I thought about this some more, and I have a new proposal that helps
address the ELRANGE alignment issue and the permission issue at the
cost of some extra verbosity. Maybe you all can poke holes in it :)
The basic idea is to make everything more explicit from a user's
perspective. Here's how it works:

Opening /dev/sgx/enclave gives an enclave_fd that, by design, doesn't
give EXECUTE or WRITE. mmap() on the enclave_fd only works if you
pass PROT_NONE and gives the correct alignment. The resulting VMA
cannot be mprotected or mremapped. It can't be mmapped at all until
after ECREATE because the alignment isn't known before that.

Associated with the enclave are a bunch (up to 7) "enclave segment
inodes". These are anon_inodes that are created automagically. An
enclave segment is a group of pages, not necessary contiguous, with an
upper bound on the memory permissions. Each enclave page belongs to a
segment. When you do EADD, you tell the driver what segment you're
adding to. [0] This means that EADD gets an extra argument that is a
permission mask for the page -- in addition to the initial SECINFO,
you also pass to EADD something to the effect of "I promise never to
map this with permissions greater than RX".

Then we just need some way to mmap a region from an enclave segment.
This could be done by having a way to get an fd for an enclave segment
or it could be done by having a new ioctl SGX_IOC_MAP_SEGMENT. User
code would use this operation to replace, MAP_FIXED-style, ranges from
the big PROT_NONE mapping with the relevant pages from the enclave
segment. The resulting vma would only have VM_MAYWRITE if the segment
is W, only have VM_MAYEXEC if the segment is X, and only have
VM_MAYREAD if the segment is R. Depending on implementation details,
the VMAs might need to restrict mremap() to avoid mapping pages that
aren't part of the segment in question.

It's plausible that this whole thing works without the magic segment
inodes under the hood, but figuring that out would need a careful look
at how all the core mm bits and LSM bits work together.

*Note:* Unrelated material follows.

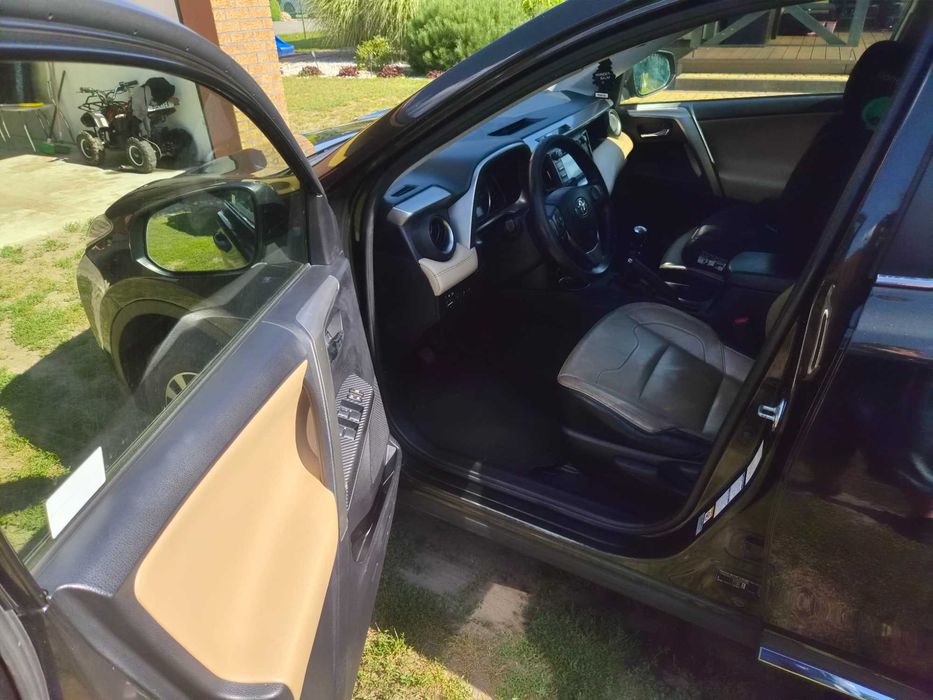 Toyota Rav4 2015r.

To get all the LSM stuff to work, SELinux will need some way to
automatically assign an appropriate label to the segment inodes. I
assume that such a mechanism already exists and gets used for things
like sockets, but I haven't actually confirmed this.

[0] There needs to be some vaguely intelligent semantics if you EADD
the *same* address more than once. A simple solution would be to
disallow it if the segments don't match.